Но у убитого был сын, Секст Росций, простой, неотесанный деревенский малый, который всю жизнь сиднем сидел в своем имении и даже столицы почти не видел. Новые владельцы вломились к нему, вышвырнули из дома и отобрали буквально все — не оставили ни крыши над головой, ни гроша денег, ни даже одежды, кроме той, что была на нем. Совершенно подавленный, он не знал, что предпринять. Тут сограждане, возмущенные этой вопиющей несправедливостью, отправили делегацию к самому Сулле, чтобы пожаловаться на обиду. Но диктатор не стал разбираться в их жалобах. Мало того. Он поручил их дело Хризогону! Недаром в Риме говорили, что за спиной клеврета стоял сам Сулла. Хризогон же рассудил, что сын должен отправиться вслед за отцом. К Росцию Младшему подослали убийц. Но несчастного успели предупредить. Обезумев от страха, он бежал из родного города, словно олень, гонимый охотниками. Бежал он в Рим. Там у него не было ни единого друга или родственника. Но он знал, что его семья связана узами гостеприимства со знатным домом Цецилиев Метеллов. В дверь этого дома он и постучал со слабой надеждой, что, быть может, его не прогонят от порога.
Хозяйкой дома была Цецилия Метелла, дочь полководца Метелла Балеарского. Увидав у порога совершенно незнакомого ей деревенского жителя и услышав путаный и бессвязный рассказ о его бедах, она обнаружила ту силу духа, которую проявляли римские женщины во время террора. Она ввела провинциала в свой дом, приютила его, обласкала, снабдила всем необходимым, а главное, оградила от убийц.
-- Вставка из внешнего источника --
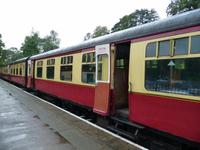 Lake Windermere-Railway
Убедившись, что просто зарезать америнца нельзя, Хризогон решился действовать другим путем. Он нанял некого Эруция и тот обвинил Росция в отцеубийстве. А убийство отца или матери было единственным преступлением, которое в Риме каралось смертью. Таким образом, Росций, ускользнувший от ножа убийц, должен был быть казнен судом. В отчаянии он обращался ко всем ораторам, ко всем влиятельным людям Рима — тщетно! Все жалели его, все сочувствовали, но никто не решался выступить против всесильного временщика — это казалось равносильным самоубийству. Все понимали, что фактически никакого суда не будет — будет лишь пустая комедия. И вдруг прошел слух, что у Росция нашелся защитник. Какой-то никому не известный человек. Не занимавший ни одной должности. Даже не римлянин. Совсем молодой. Кажется, ни разу еще не выступавший в суде{18}. Звали этого человека Марк Туллий Цицерон.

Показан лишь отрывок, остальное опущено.